Esce nelle sale italiane questa sera, 21 marzo, il film del regista sardo Giovanni Columbu Su Re, rivisitazione della passione di Cristo ambientata in Sardegna e interpretata da attori non professionisti.
Su Re è un film di grande impatto e di grande innovazione, la cui sceneggiatura è tratta dai vangeli di Marco, Matteo, Luca e Giovanni, che punta molto, oltre che sulla spettacolarità dei paesaggi e delle immagini, su un’interpretazione dell’accadimento che passa da diversi punti di vista e da una regia sperimentale.
Su Re – La trama
La Sardegna, e non la Palestina, diventa teatro della passione di Cristo. Un luogo diverso da quello storico, come nelle opere dei pittori rinascimentali che rappresentarono gli episodi narrati nel Vangelo ambientandoli nel loro tempo, nei loro paesi e con i loro costumi, senza mai mostrare la Palestina.
Tutto inizia e finisce nel sepolcro dove Maria piange sul corpo del figlio. Tutto è già accaduto, ma gli antefatti si riaffacciano come ricordi e come sogni dei diversi protagonisti.

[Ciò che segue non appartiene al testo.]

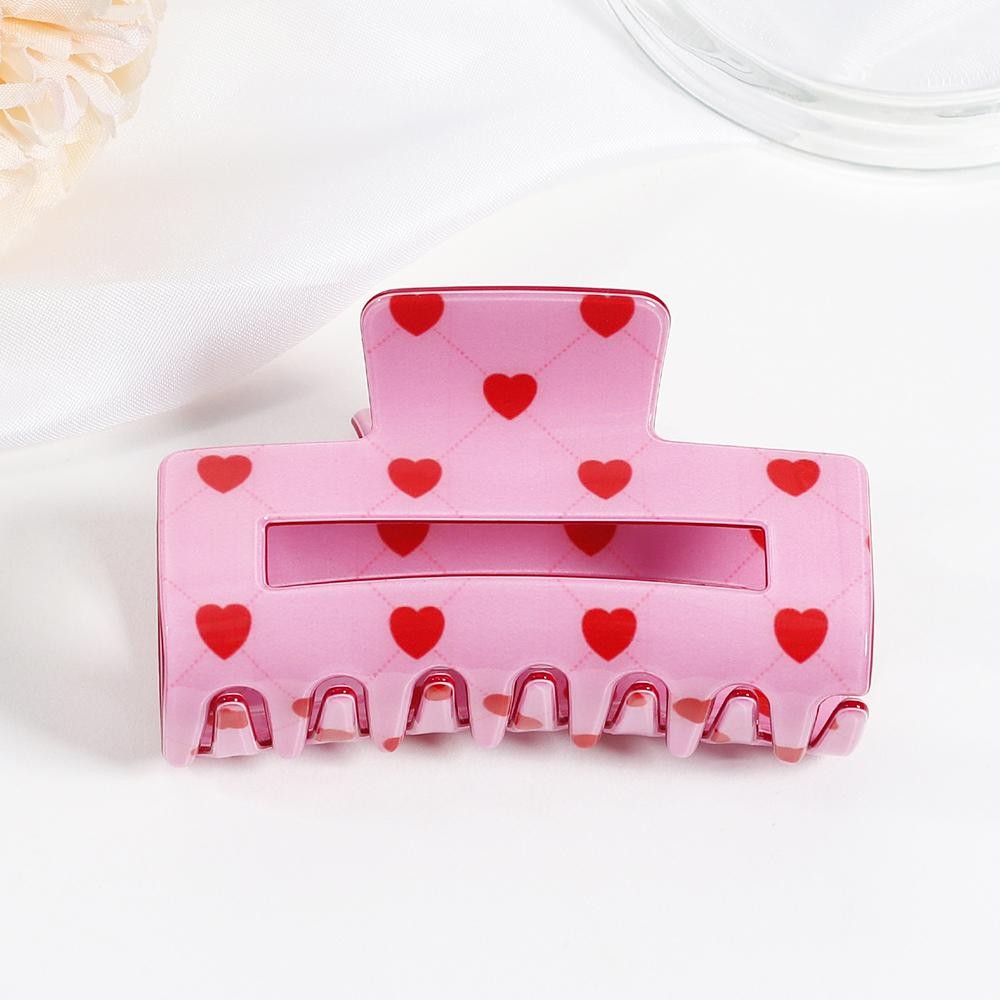 Hearts Printed Acetate Claw Hair Clip - Approximately 3.25" L view 2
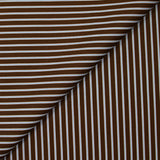 Coton imprimé rayé bleu fond marron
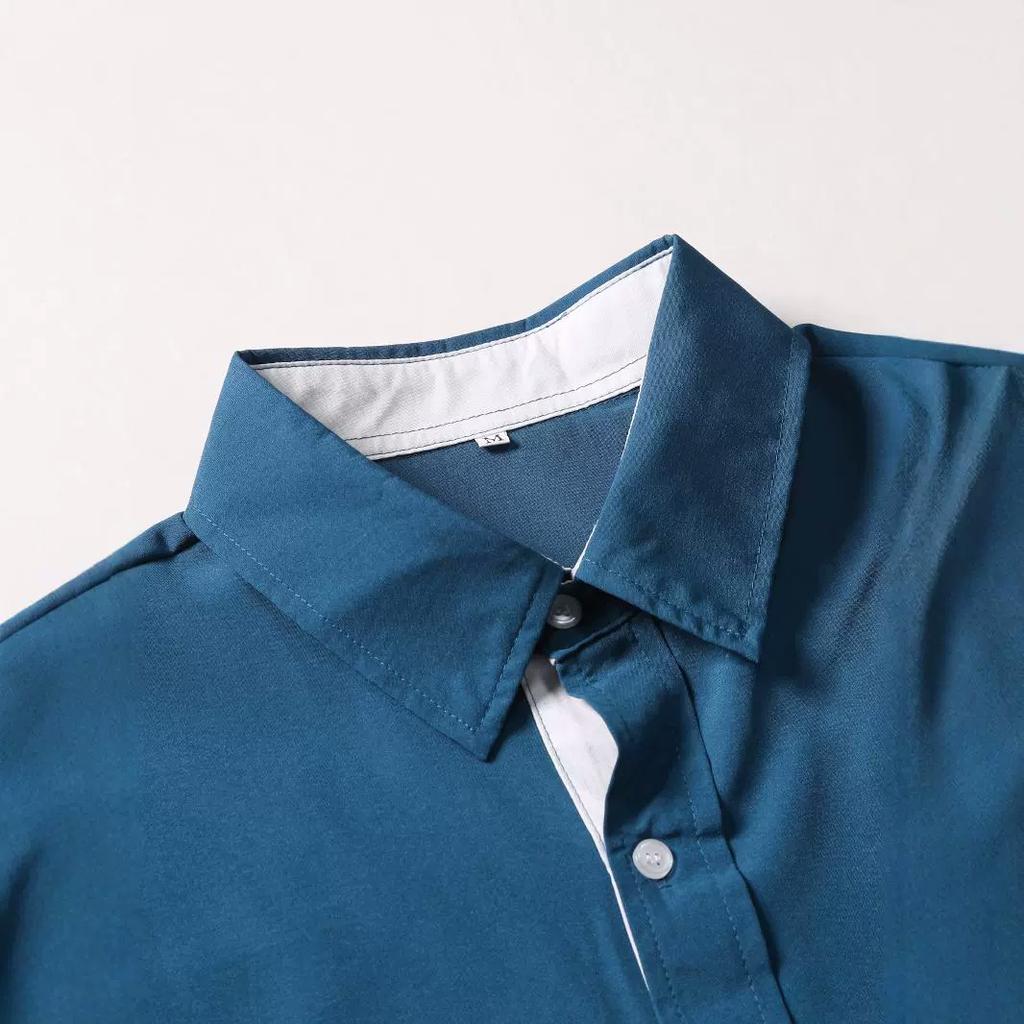 Men's Dress Shirt Long Sleeve Casual Button Down Shirts Regular Fit Inner Contrast Shirt for Business Party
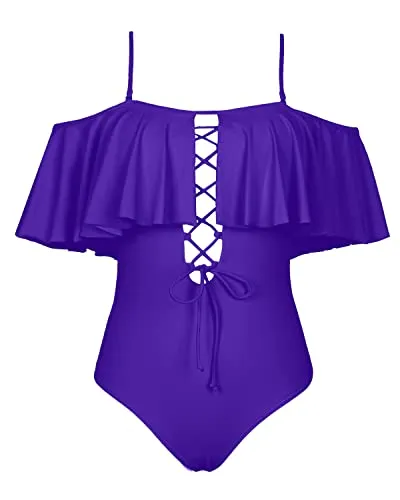 Slimming Lace-Up Front Ruffled One Piece Swimsuit For Ladies-Purple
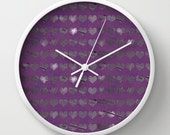 Purple Clock - Purple Hearts - Wall Clock - Newspaper Heart Art - Photo Art Clock - Unusual Clock - Made to Order Purple Clock - Purple Hearts - Wall Clock - Newspaper Heart Art - Photo Art Clock - Unusual Clock - Made to Order
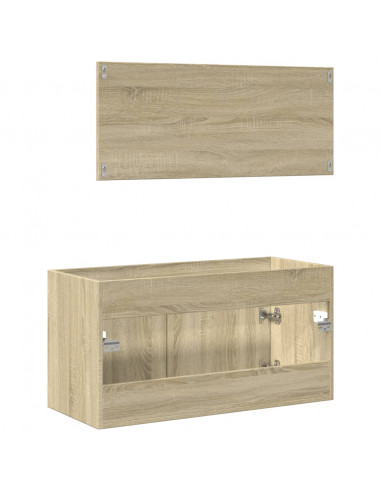 Set Mobili da Bagno 2 pz Rovere Sonoma in Legno Multistrato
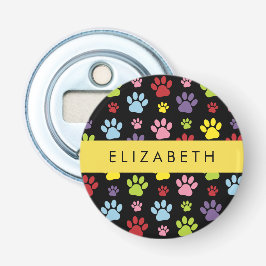 Kleurrijke poten, Paw Pattern, Dog Paws, Jouw naam Button Flesopener
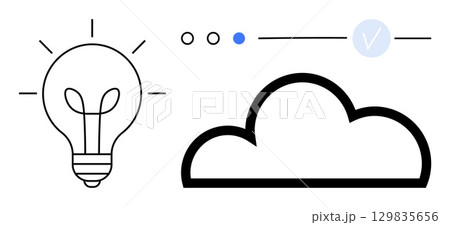 Light bulb and cloud illustration with progress indicators, symbolizing ideas and cloud technology. Ideal for tech advancements, innovation, digital solutions, cloud services, data storage, modern 129835656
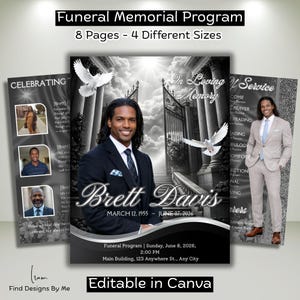 Puede incluir: Un programa conmemorativo fúnebre con el texto "Funeral Memorial Program" y "8 Pages - 4 Different Sizes". El programa presenta una foto de un hombre, palomas y el texto "Brett Davis". El programa también incluye las fechas "MARCH 12, 1955 - JUNE 07, 2026".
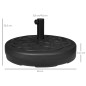 Base de Sombrilla de PE Redonda para Postes de 38mm/48mm Rellenable de Arena 35 kg y Agua 25L Ø56x30,5 cm Negro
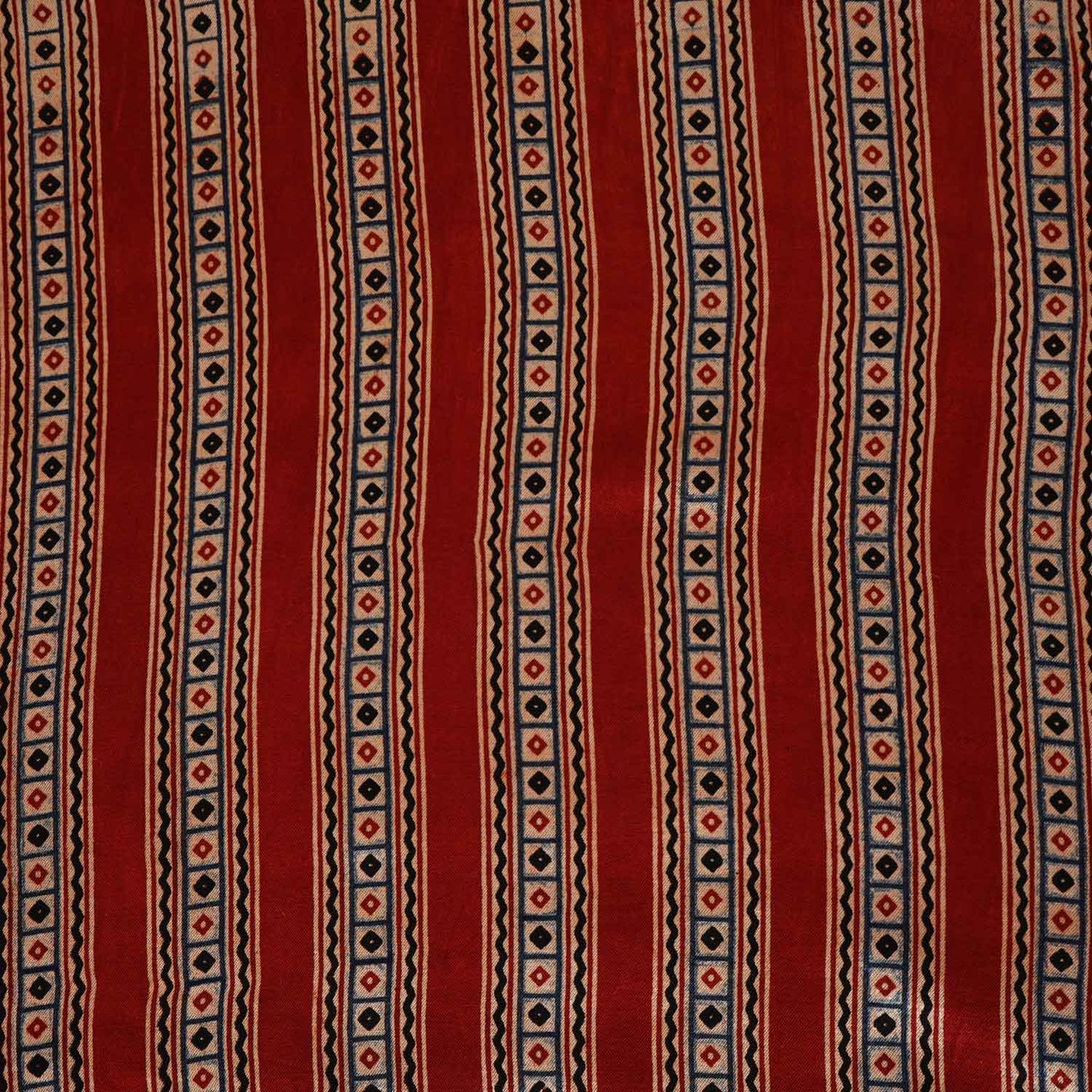 Red Ajrakh Print Mashru Silk Fabric IA-27812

Su Re – I diversi punti di vista e la regia sperimentale
E’ Giovanni Columbu a raccontare come è stato girato il film Su Re, un film che, come punto di forza, ha i diversi punti di vista dai quali sono state riprese le scene, come diversi sono i racconti fatti degli ultimi giorni di vita del Cristo nei vangeli, e l’interpretazione di queste fatta da attori non professionisti, ai quali è stata imposta una regia fuori dagli schemi:
Sul set ci limitavamo a leggere un passo del Vangelo, davo delle istruzioni e procedevamo con la messa in scena. Nessuna prova, per non perdere la freschezza, ma diverse ripetizioni anche a distanza di tempo. A volte, mentre le macchine da presa stavano già girando, introducevo un cambio delle battute o uno sviluppo delle azioni, per costringere gli attori a improvvisare e interagire. Oppure, per fare crescere la tensione, senza preavviso, domandavo cose che sapevo essere più o meno impossibili, come proseguire la recitazione senza usare parole.
In questa ricerca, una soluzione che si è rivelata utile per quanto riguarda il modo di effettuare le riprese è stata l’introduzione di una seconda unità di ripresa indipendente dalla regia e affidata a un grande fotografo, Uliano Lucas, al quale diedi il mandato preciso di fare quel che voleva e di non dirmelo anticipatamente.
Il risultato meraviglioso è stato allontanare il punto di ripresa dalla prima macchina e da me, ovvero dal fronte a cui era inevitabilmente rivolta la costruzione della scena. E rendere possibile l’osservazione della stessa scena dall’esterno, da punti di vista laterali, scomodi e non già concepiti in funzione di quello che sarebbe accaduto.
Punti di vista che soprattutto io, il regista, dovevo ignorare.